In a recent study the research team reported that flexible, printable devices generated electrical signals sufficiently realistic to activate biological neurons. When the devices were applied to slices of mouse brain tissue, they triggered neural responses that closely matched those produced by natural neuronal activity, which indicated a high degree of biocompatibility.
The findings have extended the frontier of brain–machine interfacing, with implications for neuroprosthetic technologies designed to restore sensory or motor function, including systems for hearing, vision and movement. At the same time, the work has supported efforts to design computing architectures that emulate the efficiency of biological neural networks, which remain markedly more energy-efficient than conventional silicon-based systems.
“The world we live in today is dominated by AI,” said Dr. Mark C. Hersam, who led the study.
“The way you make AI smarter is to train it on more and more data. This data-intensive training leads to a massive power-consumption problem.
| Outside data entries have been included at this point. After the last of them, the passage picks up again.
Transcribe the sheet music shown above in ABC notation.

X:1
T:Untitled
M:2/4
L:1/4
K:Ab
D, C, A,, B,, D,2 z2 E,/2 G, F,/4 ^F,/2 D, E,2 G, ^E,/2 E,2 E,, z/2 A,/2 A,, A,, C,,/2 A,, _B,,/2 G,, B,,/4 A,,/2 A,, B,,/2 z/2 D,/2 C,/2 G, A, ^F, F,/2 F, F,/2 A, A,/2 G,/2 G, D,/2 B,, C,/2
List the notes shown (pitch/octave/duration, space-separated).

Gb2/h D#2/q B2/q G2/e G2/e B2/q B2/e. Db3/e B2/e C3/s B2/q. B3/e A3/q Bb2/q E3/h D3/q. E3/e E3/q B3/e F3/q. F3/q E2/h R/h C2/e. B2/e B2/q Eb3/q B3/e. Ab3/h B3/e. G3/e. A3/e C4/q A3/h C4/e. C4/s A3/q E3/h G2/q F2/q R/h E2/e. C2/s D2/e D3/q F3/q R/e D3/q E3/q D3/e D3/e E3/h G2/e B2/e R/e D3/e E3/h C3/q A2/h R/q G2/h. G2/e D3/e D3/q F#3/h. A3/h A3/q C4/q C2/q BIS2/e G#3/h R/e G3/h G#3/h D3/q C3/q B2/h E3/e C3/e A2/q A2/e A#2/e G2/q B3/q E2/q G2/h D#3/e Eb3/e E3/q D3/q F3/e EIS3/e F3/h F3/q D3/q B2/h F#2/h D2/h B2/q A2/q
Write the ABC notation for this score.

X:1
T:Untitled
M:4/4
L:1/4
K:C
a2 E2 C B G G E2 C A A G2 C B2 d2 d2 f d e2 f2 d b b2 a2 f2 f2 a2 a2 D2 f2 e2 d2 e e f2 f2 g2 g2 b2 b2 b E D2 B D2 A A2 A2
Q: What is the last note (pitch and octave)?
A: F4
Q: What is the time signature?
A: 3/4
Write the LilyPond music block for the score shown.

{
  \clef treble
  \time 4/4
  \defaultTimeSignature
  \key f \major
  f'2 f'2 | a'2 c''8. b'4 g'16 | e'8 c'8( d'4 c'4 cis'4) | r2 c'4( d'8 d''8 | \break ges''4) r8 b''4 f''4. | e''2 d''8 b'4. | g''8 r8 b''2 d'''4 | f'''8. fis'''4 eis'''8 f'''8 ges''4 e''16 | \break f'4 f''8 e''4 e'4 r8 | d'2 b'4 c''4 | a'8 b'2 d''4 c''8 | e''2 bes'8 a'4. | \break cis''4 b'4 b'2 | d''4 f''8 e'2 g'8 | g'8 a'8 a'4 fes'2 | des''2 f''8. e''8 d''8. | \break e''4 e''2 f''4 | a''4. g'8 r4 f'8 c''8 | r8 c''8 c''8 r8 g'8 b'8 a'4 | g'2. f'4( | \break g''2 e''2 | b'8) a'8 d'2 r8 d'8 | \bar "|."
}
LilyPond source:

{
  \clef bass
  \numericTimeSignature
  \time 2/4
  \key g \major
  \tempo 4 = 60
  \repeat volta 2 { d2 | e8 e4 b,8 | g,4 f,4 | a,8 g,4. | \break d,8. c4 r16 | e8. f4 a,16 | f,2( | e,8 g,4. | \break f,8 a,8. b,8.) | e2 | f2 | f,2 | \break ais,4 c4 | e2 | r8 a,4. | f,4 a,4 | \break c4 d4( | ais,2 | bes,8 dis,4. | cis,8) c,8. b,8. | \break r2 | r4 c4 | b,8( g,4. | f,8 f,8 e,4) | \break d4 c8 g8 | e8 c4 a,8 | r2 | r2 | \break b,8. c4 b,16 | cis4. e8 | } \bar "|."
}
Therefore, we have to come up with more efficient hardware to handle big data and AI.
“Because the brain is five orders of magnitude more energy efficient than a digital computer, it makes sense to look to the brain for inspiration for next-generation computing,” he added.
As computational workloads have increased in scale and complexity, conventional processors have relied on ever greater numbers of identical transistors embedded within rigid, two-dimensional silicon substrates. These components operate uniformly and remain fixed after fabrication. By contrast, biological neural systems comprise diverse, specialised cell types arranged in dynamic, three-dimensional networks that continually adapt through the formation and modification of synaptic connections.
“Silicon achieves complexity by having billions of identical devices,” Hersam said.
“Everything is the same, rigid and fixed once it’s fabricated. The brain is the opposite. It’s heterogeneous, dynamic and three-dimensional. To move in that direction, we need novel materials and novel ways to build electronics,” he said.
To approximate this biological complexity, the researchers engineered artificial neurons from soft, printable materials designed to replicate key aspects of neuronal structure and signalling. Central to the approach was the formulation of electronic inks containing nanoscale flakes of molybdenum disulfide – a semiconductor material – and graphene, which functions as a conductor. Using aerosol jet printing, the team deposited these inks onto flexible polymer substrates to construct the devices.
Earlier efforts in the field have typically removed stabilising polymers after fabrication, as they were thought to impede electrical conduction. In contrast, the Northwestern group has exploited partial polymer decomposition as a functional feature. Controlled degradation during operation has produced spatially inhomogeneous conductive pathways, which have confined electrical current to narrow regions and generated sharp, neuron-like electrical responses.
“Instead of fully removing the polymer, we partially decompose it,” Hersam said.
“Then, when we pass current through the device, we drive further decomposition of the polymer. This decomposition occurs in a spatially inhomogeneous manner, leading to formation of a conductive filament, such that all the current is constricted into a narrow region in space,” he said.
This mechanism has enabled the artificial neurons to produce a diverse repertoire of electrical signalling patterns, including isolated spikes, sustained firing and bursting behaviour, which more closely resemble the dynamics of biological neurons than earlier models. Such diversity allows each unit to encode more information, which in turn could reduce the number of components required in neuromorphic computing systems and improve overall energy efficiency.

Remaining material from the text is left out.